Adding Conditional Transition Probabilities to a Hidden Markov Model

Yes, you can. The problem is just some internal book-keeping. The discrete markov chain distribution is just a recursive function (scan in the pytensor lingo) over states. The current state indexes the transition probability matrix, and that row is used to parameterize a Categorical distribution which draws the next state. Variables to scan are classified by the role they play at each time step:

  • sequence :variables that should be iterated over
  • non_sequence: variables that should be provided as-is each step
  • outputs_info: variables that should be recursively fed back into the function

In DiscreteMarkovChain, P is treated like a non_sequence. You can write you own CustomDist that treats it like a sequence instead:

import pymc as pm
import pytensor
import pytensor.tensor as pt
from pymc.pytensorf import collect_default_updates

n_timesteps = 20
coords={'time':np.arange(n_timesteps), 
        'state':[0, 1], 
        'next_state':[0, 1]}

with pm.Model(coords=coords) as m:    
    def step(P, x_tm1):
        x_t = pm.Categorical.dist(p=P[x_tm1])
        return x_t, collect_default_updates(x_t)
    
    def markov_chain(x0, Ps, shape=None):
        states, _ = pytensor.scan(step,
                                  outputs_info=[x0],
                                  sequences=[Ps])
        
        return states
    
    
    P = pm.Dirichlet('P', a=[1, 1], dims=['state', 'next_state'])
    Ps = pt.stack([P] * n_timesteps) # We need as many transition matrices as time steps now
     
    # Deterministically switch to state 0 the 10th step
    go_to_zero = pt.as_tensor([[1.0, 0.0], [1.0, 0.0]])
    Ps = pm.Deterministic('Ps', Ps[10].set(go_to_zero), dims=['time', 'state', 'next_state'])
    
    x0 = pm.Bernoulli('x0', p=0.5)
    obs = pm.CustomDist('obs', x0, Ps, dist=markov_chain, dims='time')
    prior = pm.sample_prior_predictive()

There’s a lot of boilerplate here, but there’s a lot of examples and discussions of both scan and CustomDist on this discourse, I recommend searching for those terms. There is also this tutorial that goes into some detail on these topics.

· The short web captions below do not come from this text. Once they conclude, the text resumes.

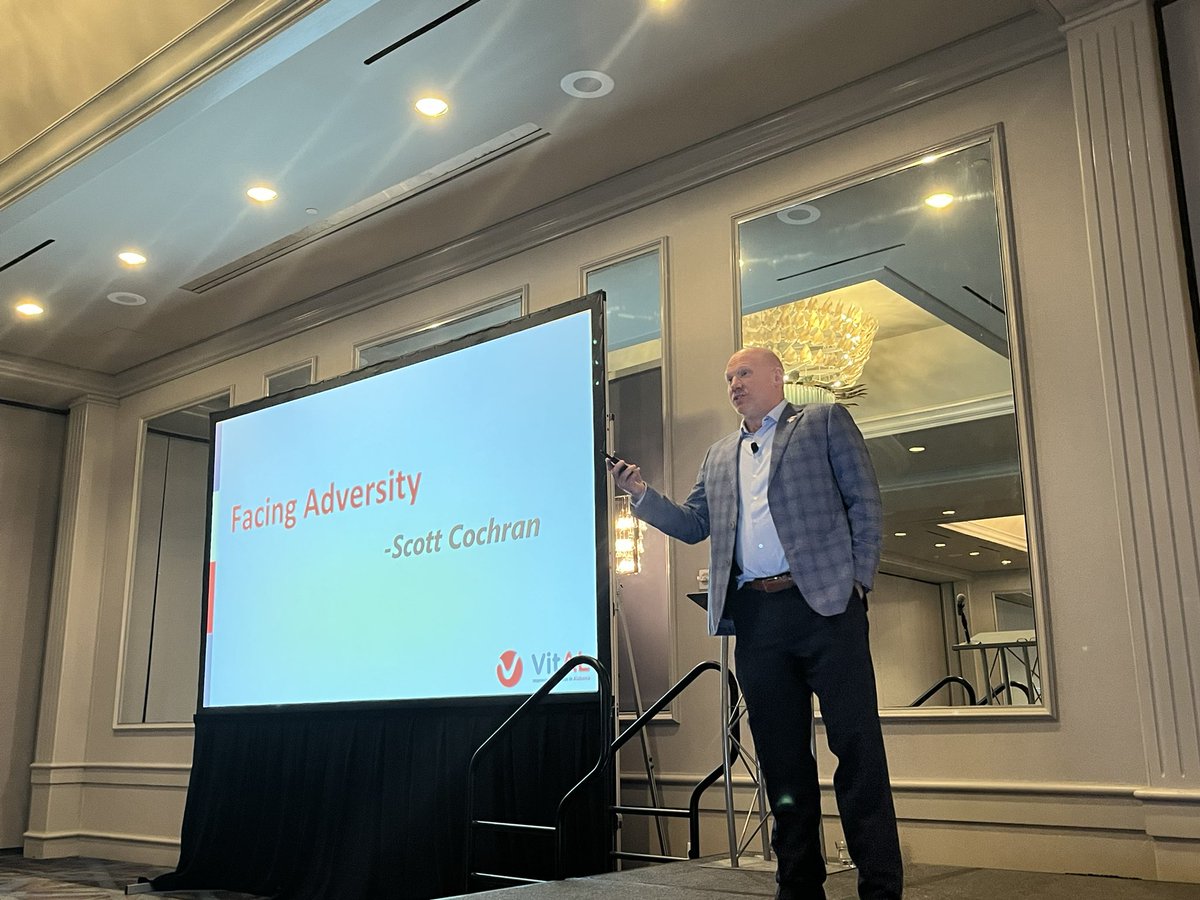 CoachYeah's tweet image. Facing Adversity - @vitalalabama 💪

#coach #coachyeah #yeahyeahyeahyeah #letsgo #motivation #coachmecoach #AARA #GARecovers #speech #speaking #recovery #eliminatethewhisper #overdoseawareness #realtalk #alabamatour #birminghamalabama #stigmasummit #vitalalabama #bham #birmingham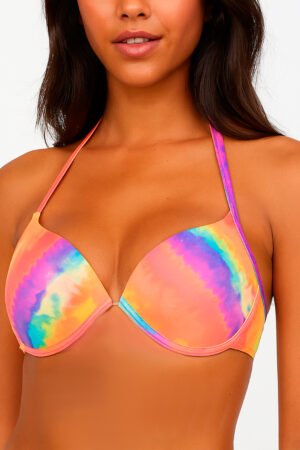 TOP BIQUINI FEMININO VISLUMBRE BEACHWEAR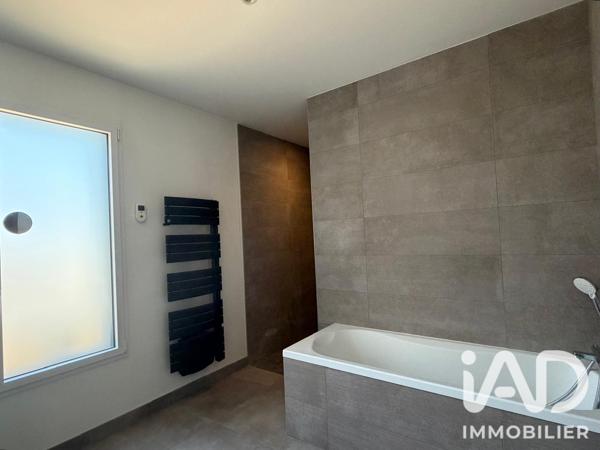 Maison à vendre 5 pièces 112 m² La Châtaigneraie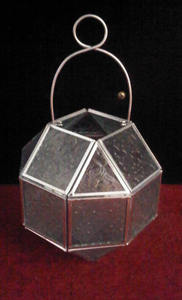 Antiguo estilo INS gris hecho a mano Metal hierro Pilar titular para el hogar boda decoración Vintage INS estilo otros candelabros vela - Product Image 5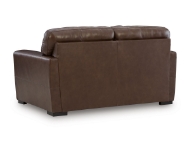Picture of Hudson Leather Loveseat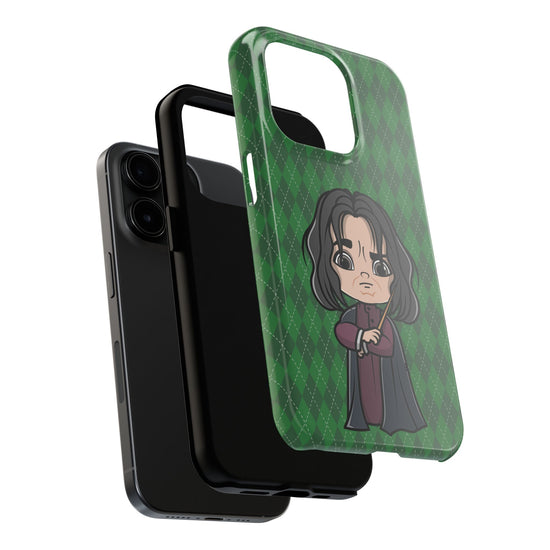 Professor Snape Phone Case - Fandom-Made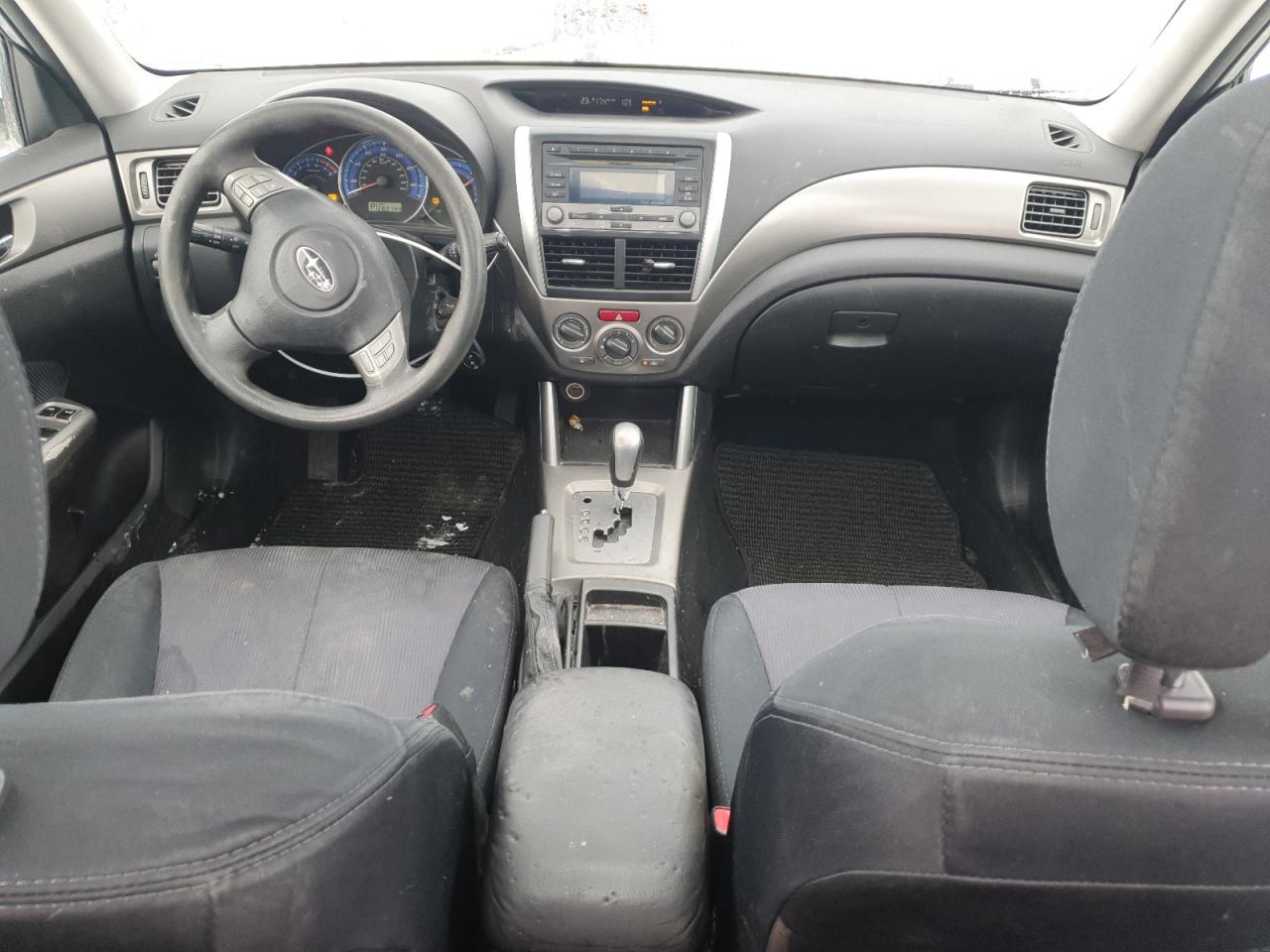 2009 Subaru Forester - Image 8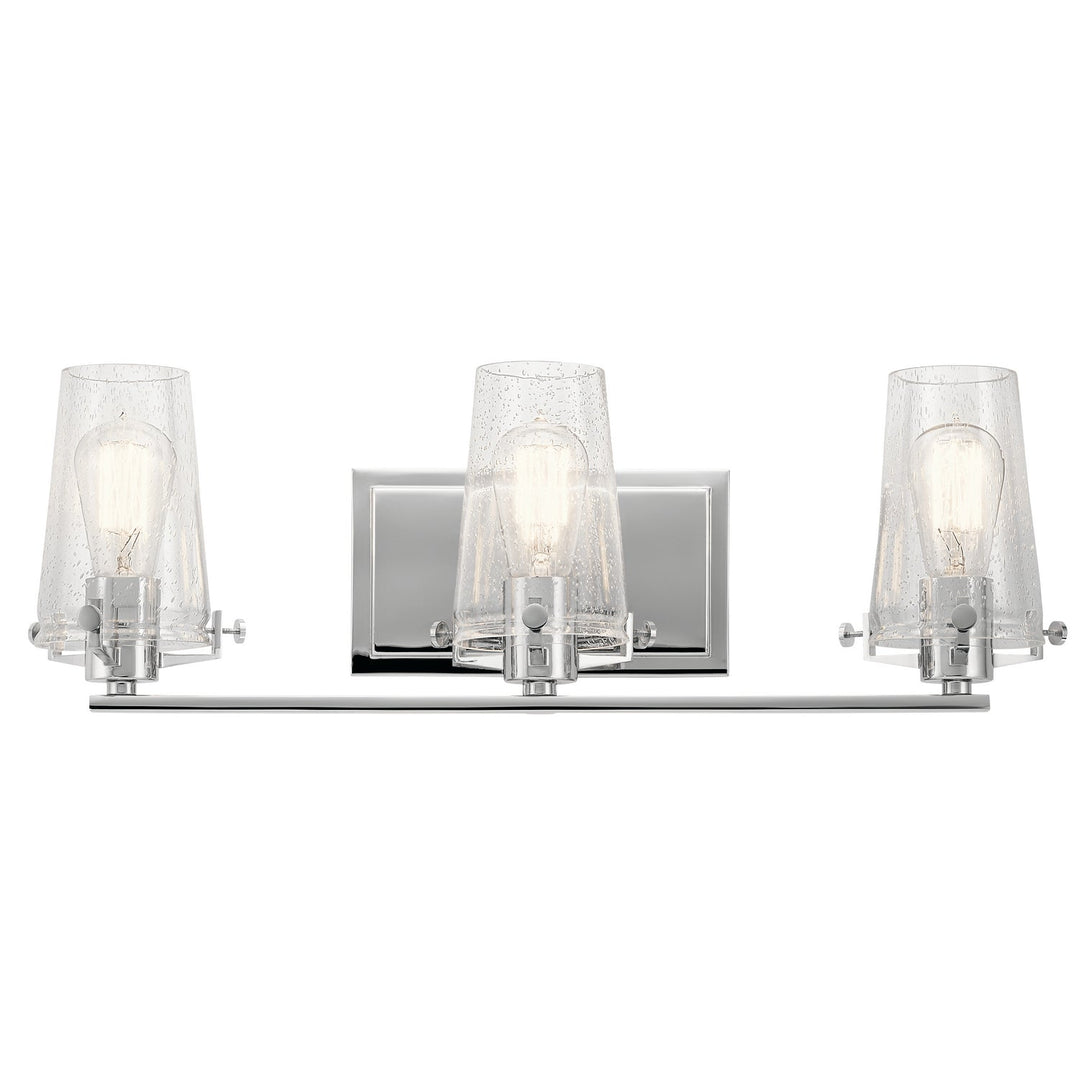 Kichler Three Light Bath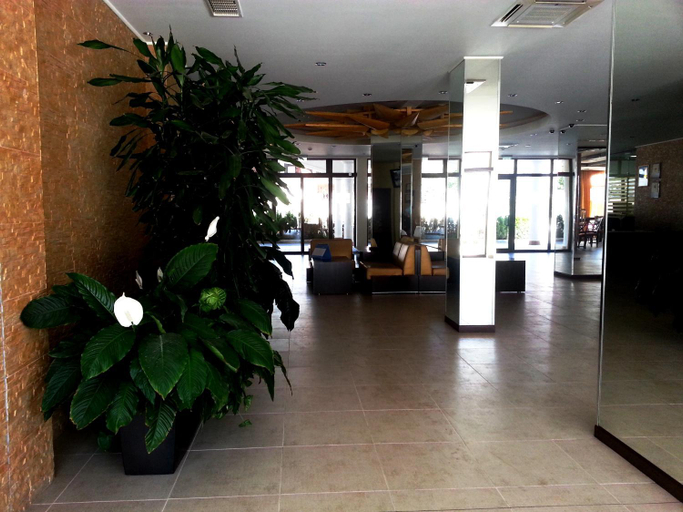 Public Area 4, Menada Royal Sun Apartments, Nesebar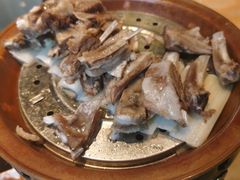 蒙料一八手把肉-蒙料·手把肉(望京店)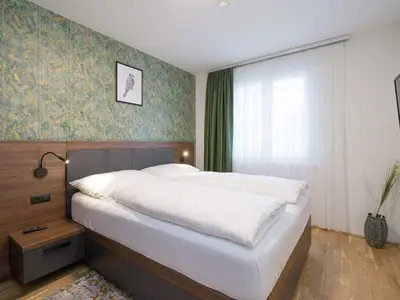 Ferienwohnung für 10 Personen (114 m²) in Wien 8/10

Anyway, we can see that the prior deterministically goes to state 0 at time 10, as requested:

prior.prior.obs.sel(chain=0).plot.line(x='time', hue='draw', add_legend=False);

Use one of the draws from the prior as observed data to do a parameter recovery exercise:

draw_to_recover = prior.prior.sel(chain=0, draw=1)
param_values = np.concatenate([draw_to_recover[var].values.ravel() for var in ['x0', 'P']]).tolist()
data = draw_to_recover.obs.values

with pm.observe(m, {'obs':data}):
    idata = pm.sample()

az.plot_trace(idata, var_names=['~Ps'])

Sampling goes well:

And we do a reasonable job recovering the transition probabilities. We beef it on the initial state, but that’s not super surprising to me – initial conditions in time series models tend to be nuisance parameters that are only very weakly informed by the data.

az.plot_posterior(idata, var_names=['~Ps'], ref_val=param_values)